Siegfried & Roy – duo pesulap yang menaklukkan dunia pertunjukan (bagian 1) – ISA-GUIDE

Setelah kami melaporkan tentang duo pesulap terkenal dunia dari Jerman selama hampir dua dekade, tentu menarik untuk merangkum kisah luar biasa Anda karena kejadian terkini.

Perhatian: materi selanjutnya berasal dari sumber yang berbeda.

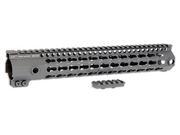 Midwest Industries Gen 3 K Series Handguard Fits AR Rifles 12 KeyMod Black Finish MI G3K12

Karena banyaknya permintaan dari penggemar Siegfried & Roy di seluruh dunia, ADALAH-PANDUAN berusaha untuk mendokumentasikan secepat mungkin proses untuk mengenal satu sama lain dan karier mereka. Pastinya ada banyak sekali detail dan cerita individu tentang dua kepribadian hebat ini, yang masing-masing tidak dapat disebutkan. Meski demikian, kami mencoba menggambarkan karier Anda sedetail mungkin.

masa kecil

Mereka lahir sebagai Siegfried Fischbacher dan Uwe Ludwig Horn. Hari ini dia mengenal seluruh dunia sebagai Siegfried & Roy. Yang satu datang dari ujung utara, yang lain dari Bavaria di selatan Jerman. Bersama-sama mereka menaklukkan dunia pertunjukan sebagai duo pesulap Siegfried & Roy.
Mari kita lihat kembali kehidupan sebelumnya dari dua penghibur luar biasa ini, yang lahir di berbagai ujung Jerman, tetapi yang kehidupannya hingga pertemuan mereka masih menunjukkan sejumlah persamaan yang mengejutkan.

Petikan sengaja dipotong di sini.